The place of Christians in public life

Christians in public life

The past week has seen the nascent leadership contest to replace Nicola Sturgeon as First Minister of Scotland turn nasty.

The Scottish National Party is a broad church, it turns out, but some of its members seem to be finding difficulty in accepting that its breadth of opinion extends to traditional forms of Christianity.

The flashpoint has been the beliefs of Kate Forbes, (pictured) current finance minister and putative successor to Sturgeon, about gay marriage.

Forbes, a member of the Free Church of Scotland, admitted that, had she been a member of the Scottish Parliament, she would have voted against it when the bill to legalise it was passed in 2014.

She says that she respects the outcome of that vote and wrote on Facebook that she “will defend to the hilt the right of everybody in Scotland, particularly minorities, to live and to live without fear or harassment in a pluralistic and tolerant society”.

She will, moreover, “uphold the laws that have been won, as a servant of democracy, and seek to enhance the rights of everybody to live in a way which enables them to flourish”.

Nevertheless, even a further statement that “I firmly believe in the inherent dignity of each human being — that underpins all ethical and political decisions I make” has not been enough for her growing band of critics and enemies.

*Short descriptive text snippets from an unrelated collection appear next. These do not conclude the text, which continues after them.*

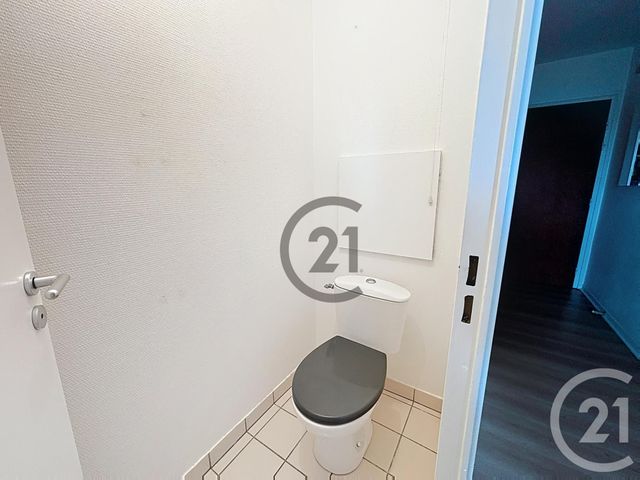 Appartement à louer - 2 pièces - 48.4 m2 - DAMMARIE LES LYS - 77 - ILE-DE-FRANCE - Century 21 Cerim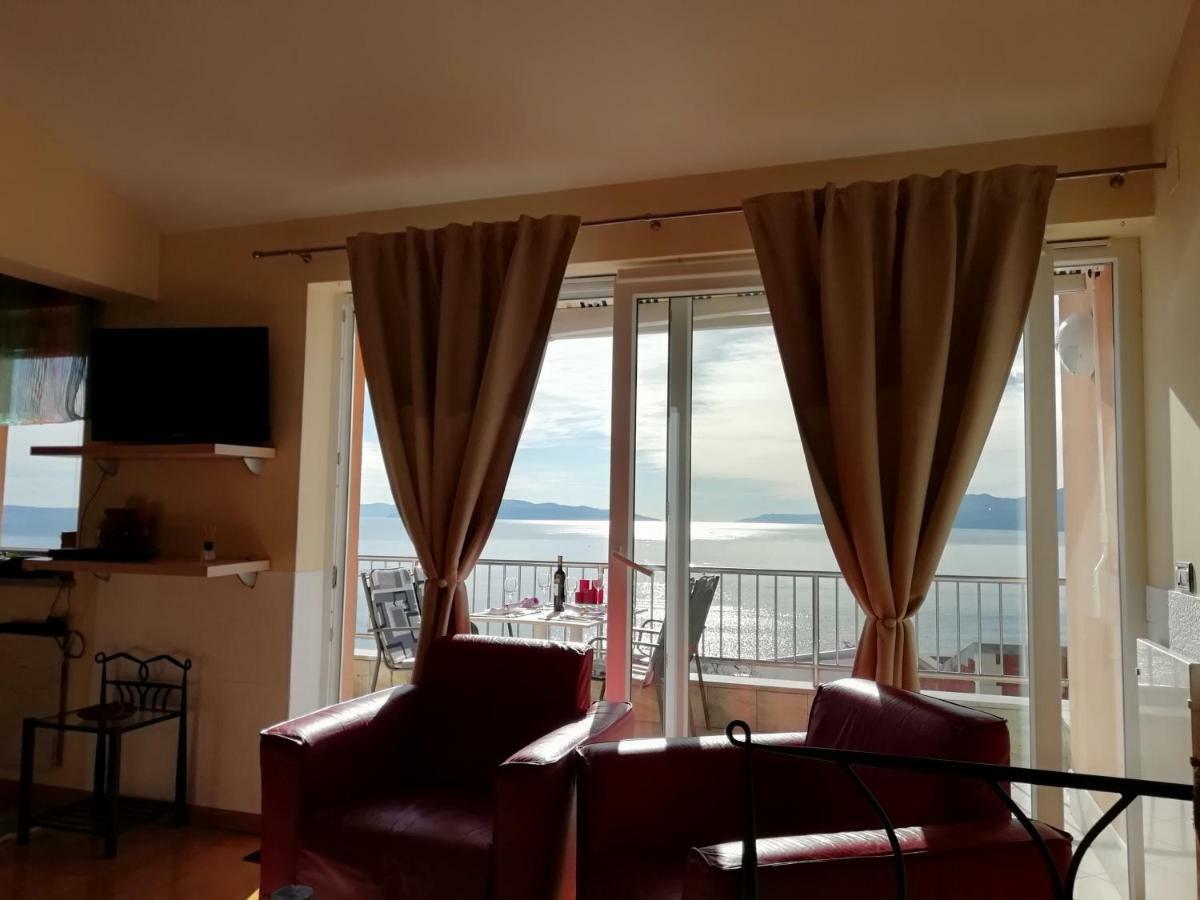 In Azra Rijeka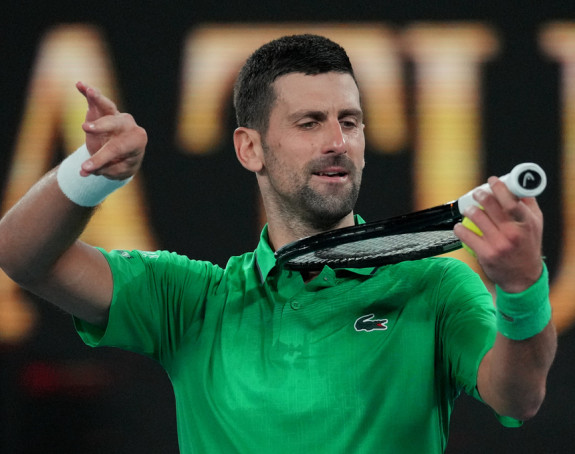 Меншик се повукао, Ђоковић иде директно у четвртфинале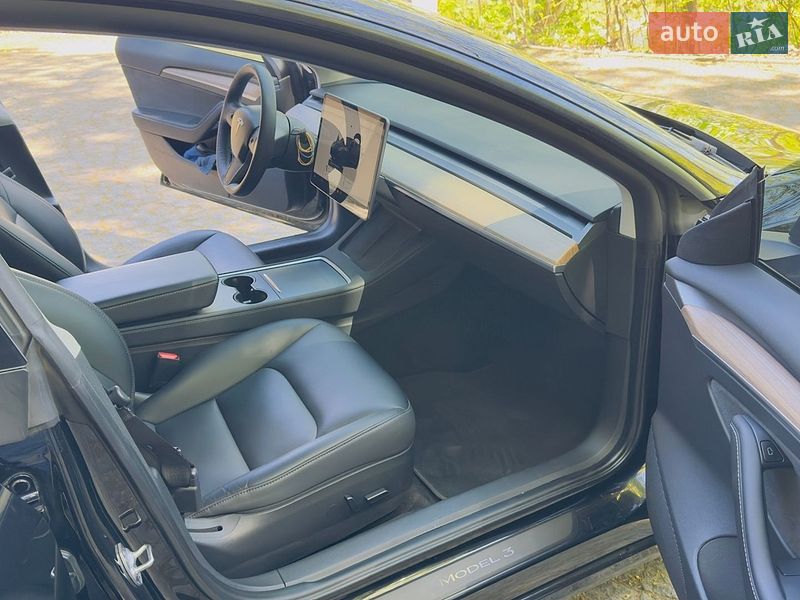 Седан Tesla Model 3 2022 в Киеве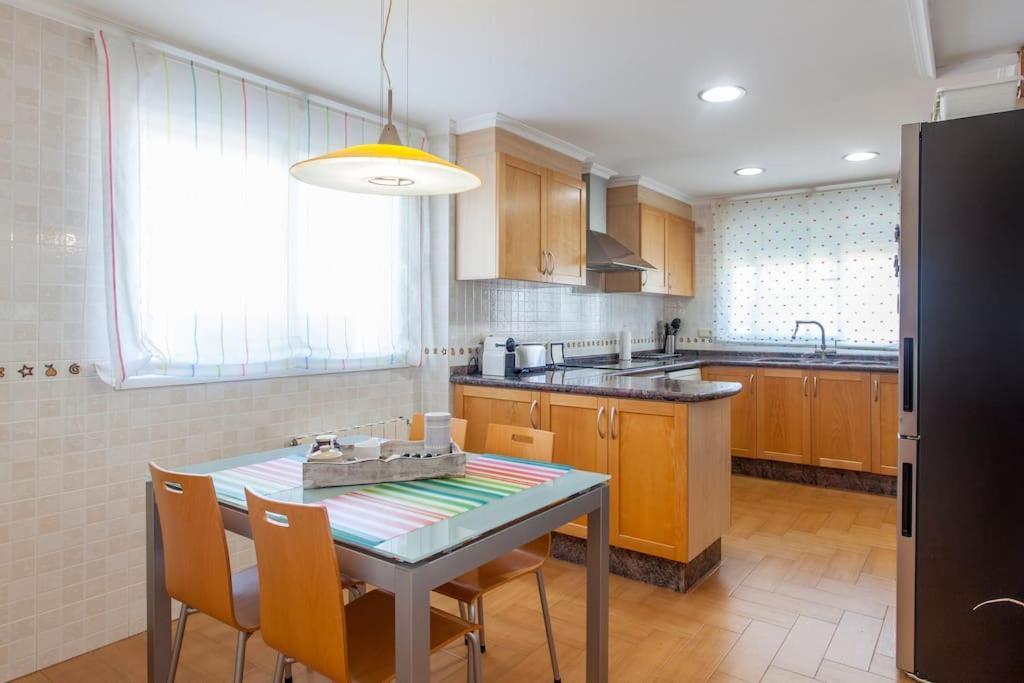 Casa En Valencia, Cerca De Golf, Playas, Moto Gp Valência Exterior foto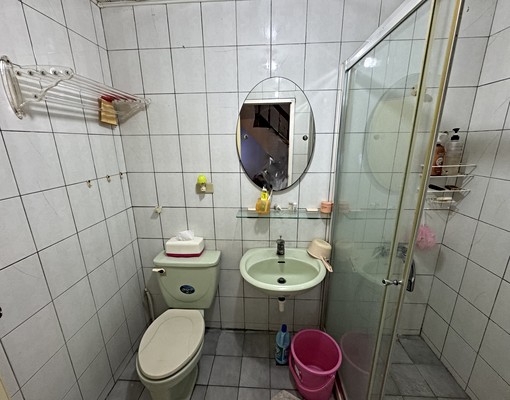 (租)小港桂林商圈獨立車庫4樓透天 - Image 11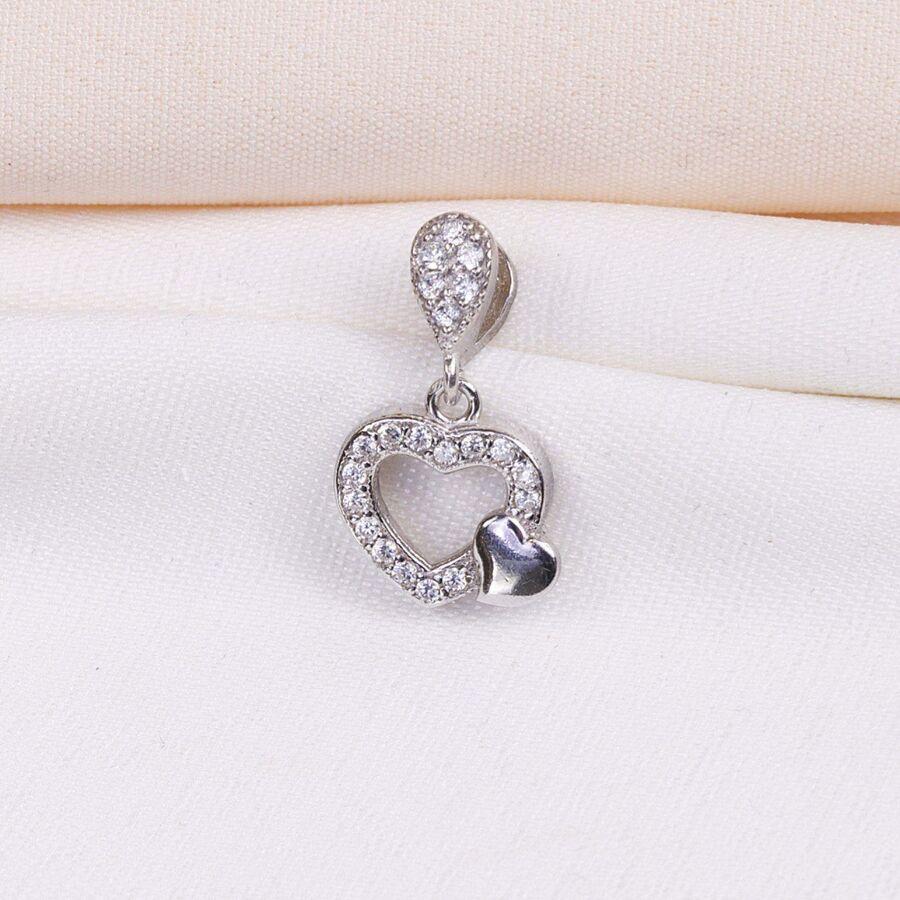 62bf7e09-770d-4aae-b114-fb7603343bc1.jpg مدال نقره میکرو قلبی کد 21467 - تصویر 1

They see her brand of evangelical Presbyterianism as outdated, outrageous, and bigoted.

Forbes has lost considerable support in the race to succeed Sturgeon and, like former British Liberal Democrat leader Tim Farron, may well now find the path to future acts of public service narrow and unforgiving.

I am no supporter of the Scottish Nationalists (or Liberal Democrats), but it is easy to see why the hounding out of such people from public life is a bad thing.

I sincerely hope it does not happen in Australia. In the case of Tony Abbott, perhaps it already did.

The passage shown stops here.